Furthermore, a recent analysis from Navigant shows the additional impact of MA star ratings improvements on plan enrollment and revenue. According to the analysis of 500 MA contracts:
- For plans with 3 or less stars, a 1-star rating improvement could, on average, lead to a year-over-year 8 percent to 12 percent increase in plan enrollment.
- Improving from a 3-star to 4-star rating could increase revenue between 13.4 percent and 17.6 percent.

Payer-provider collaboration key to increasing star ratings
As MA plans look to achieve star rating improvements, they must consider the role of providers. Strong star ratings are partially a result of contracting with providers that invest time and resources into closing care gaps to improve care quality and satisfaction. Therefore, plans should proactively seek collaborative arrangements with providers to share the financial benefits of quality and efficiency improvements, ultimately leading to greater plan satisfaction and quality among all involved.

Recently, payers faced ambivalence from providers about joining MA networks because participation did not offer additional revenue opportunities. Moreover, value-based models were only beginning to be negotiated broadly in commercial and MA areas. Now, given the shift to value and comparatively less attractive commercial revenue streams which have flattened or eroded in recent years, providers may be more receptive to considering participating in MA networks under value-based arrangements.

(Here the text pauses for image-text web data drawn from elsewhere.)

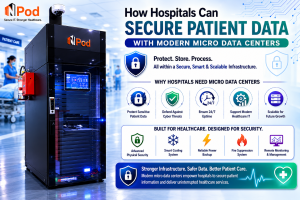 How Hospitals Can Secure Patient Data with Modern Micro Data Center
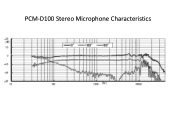 Sony PCMD100 Technical Chart (PCM-D100 Stereo Microphone Frequency Response)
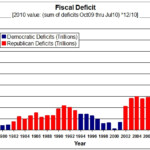 Fiscal Deficits Who s Responsible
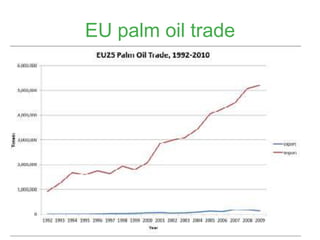 www.transportenvironment.org
EU palm oil trade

MA plans rely on sufficiency of enrollment to maintain their ongoing viability. Increases in star ratings can have an immediate effect on the MA plans’ bottom line through growth in enrollment, revenue and market share. Ratings improvements can also drive increased rebates that plans can use to enhance benefits, increasing the likelihood of beneficiary re-enrollment or new beneficiaries joining the plan.

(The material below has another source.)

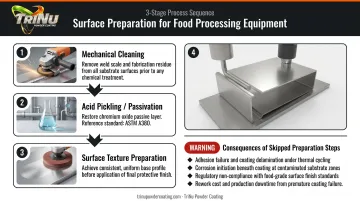 Surface preparation sequence for food-grade stainless steel equipment three-step process flow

MA plan attractiveness is correlated not just with cost but also with providers in the network, enrollee satisfaction and quality. Improving star ratings requires payers to enhance collaboration with providers through value-based MA arrangements, which helps promote clinical and financial alignment between the organizations. Such partnerships can offer significant opportunities for providers to share in improved plan performance, and for MA plans and their managed care organizations to achieve the highest possible ratings.